The Station Agent is a "small" film, focused on a handful of interesting, quirky, well-realized characters and what happens when their paths cross. Small in scale, though, in no way implies small in accomplishment. This is an intelligent film that doesn’t boldface and underline its themes, but lets the story and characters convey McCarthy’s thoughtful ideas.

Finbar McBride (Peter Dinklage) is a dwarf with an enthusiastic interest in everything about trains and railroads. When he inherits an old train depot in rural New Jersey, he takes up residence there, a place where he plans to pursue his preoccupation and maintain the solitude into which he has withdrawn. McCarthy shows, in a series of passing incidents, the ways that people react to McBride. He is stared at, ridiculed, studiously ignored–mostly due to ignorance, sometimes due to the inability of some people to tolerate those who are different. These painful moments provide ample motivation for his withdrawal. McBride’s stoic reaction to them belies the underlying, repressed anger he naturally feels, subtly conveyed in Dinklage’s sensitive performance. And the imagery of trains, of course, embodies power, a certain masculinity (see Dr. Freud), and the fantasy of constantly moving on, providing McBride’s obsession with a logical underpinning.

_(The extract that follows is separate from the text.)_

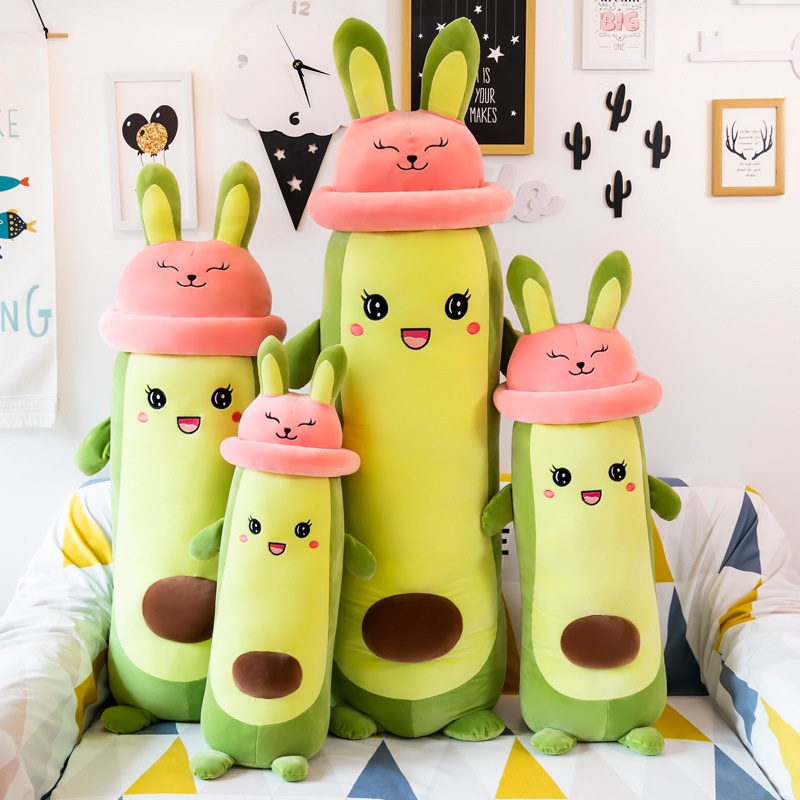 Gấu Bông Qủa Bơ Đội Mũ Hồng, Bơ Thỏ Cute - Hàng Quảng Châu Cao Cấp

Careening into his solitude comes Olivia Harris (Patricia Clarkson), whose distracted driving habits lend new meaning to the word hazardous. Harris, in deep mourning over the loss of her young son, has separated from her husband and sought her own solitude, painting at her summer home on the lake. She meets McBride when her van, weaving from side to side of the road, forces him to leap out of the way. "Life keeps knocking at the door," she says, as each finds it difficult to maintain their loner ways against intrusions. (Harris has two cell phones which she never answers. McBride has no phone at all.)

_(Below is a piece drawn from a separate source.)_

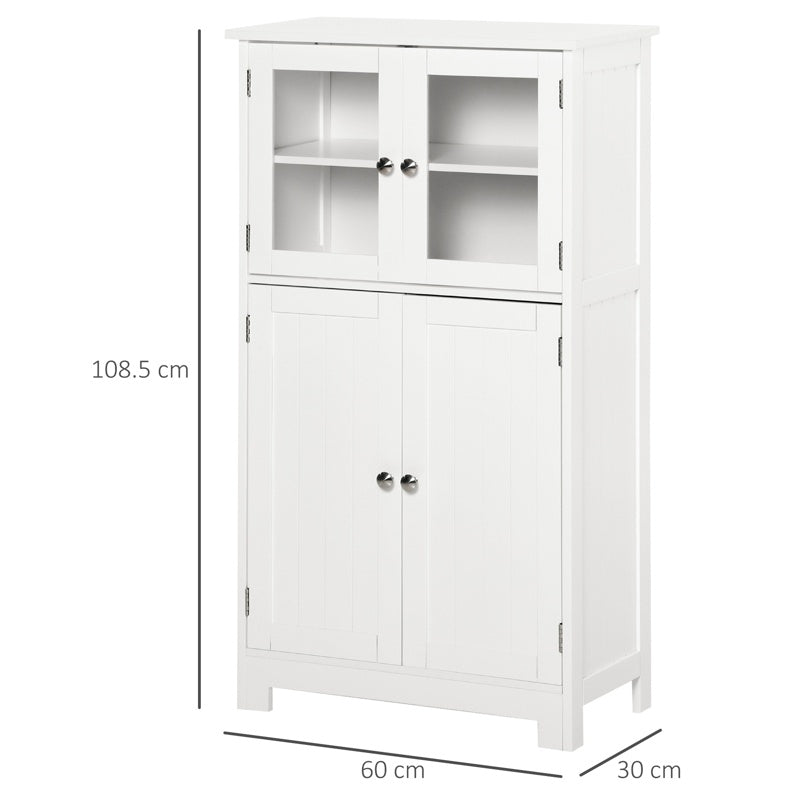 kleankin Bathroom Floor Cabinet, Freestanding Kitchen Cupboard with 2 Drawers, Adjustable Shelves and Tempered Glass Door, Wooden  Storage Unit for Living Room Kitchen Hallway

The third principal character is Joe Oramas (Bobby Cannavale), a strapping Hispanic guy from New York, stuck in this New Jersey backwater because his aging father is ill. Joe is both taking care of his father and manning his father’s hot dog stand, which just happens to be next door to the train depot. Where McBride and Harris are withdrawn, Joe, lonely and friendly in a puppyish way, reaches out for companionship.

A natural, unforced progression of events creates unlikely connections between these very different people. Enhanced with some engaging minor characters (Emily, the young local librarian; Cleo, a neighboring Black girl who invites McBride to speak at her school), The Station Agent respects the humanity of its diverse characters, drawing them with psychological percipience accompanied by gentle and droll humor.

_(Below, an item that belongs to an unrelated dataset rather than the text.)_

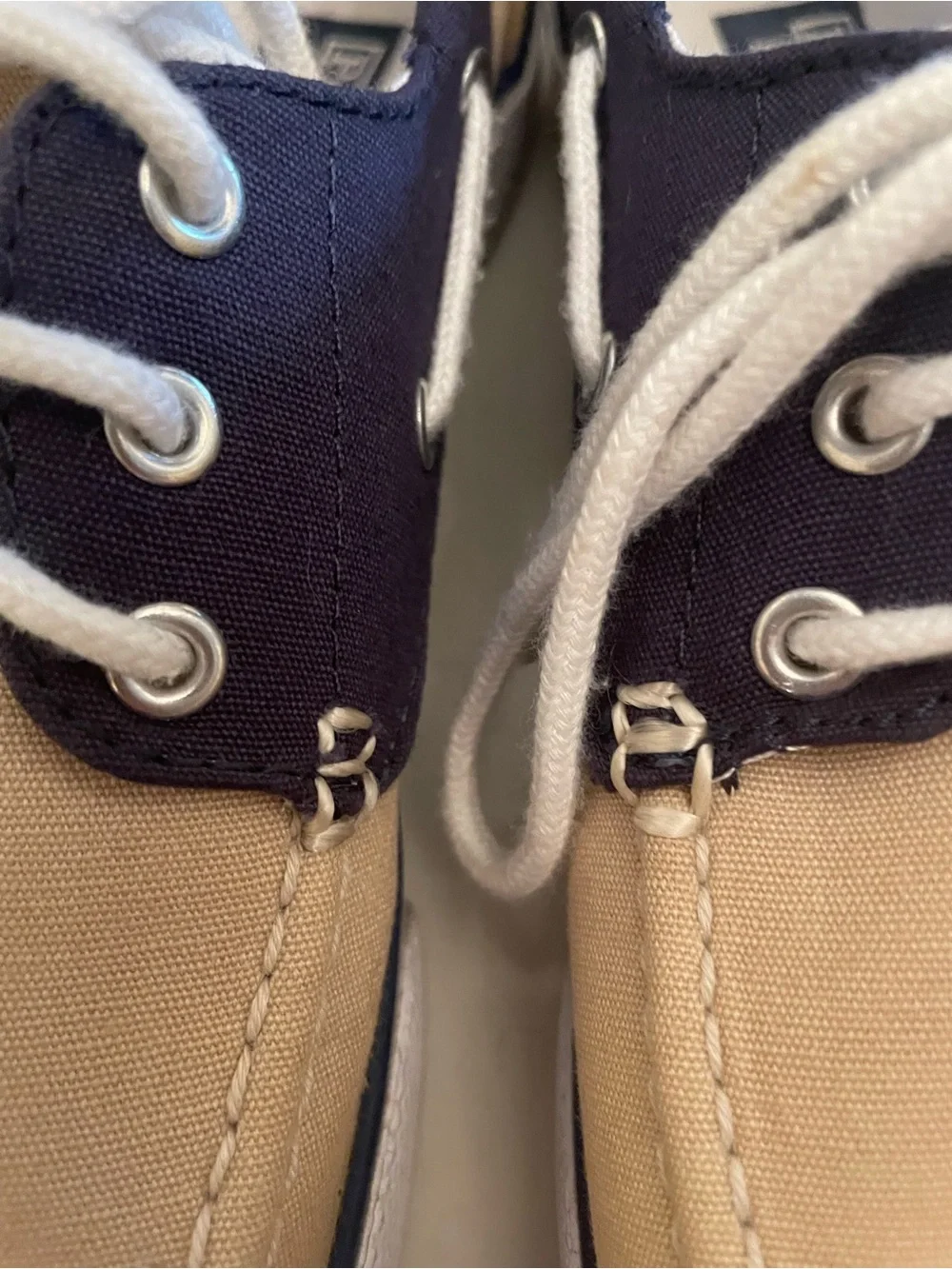Polo Ralph Lauren Franz Canvas Boat Shoes Loafers Tan Navy Blue Size 10D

In addition to Dinklage’s outstanding work here, Clarkson (All the Real Girls, Far from Heaven)inhabits the character of Olivia, in a perfectly modulated performance. She is one of the great under-appreciated actors in the movies today, digging under the surface and conveying the essence of character in all its contradictory complexity.

McCarthy avoids the potential for sentimentality in this material. He tells his story in a straightforward, non-gimmicky manner. In style as well as in its its focus on character and the ways people connect, The Station Agent joins films like The Straight Story and You Can Count on Me as the kind of quality product which American filmmakers can produce when megaplex box offices are not the driving motivation.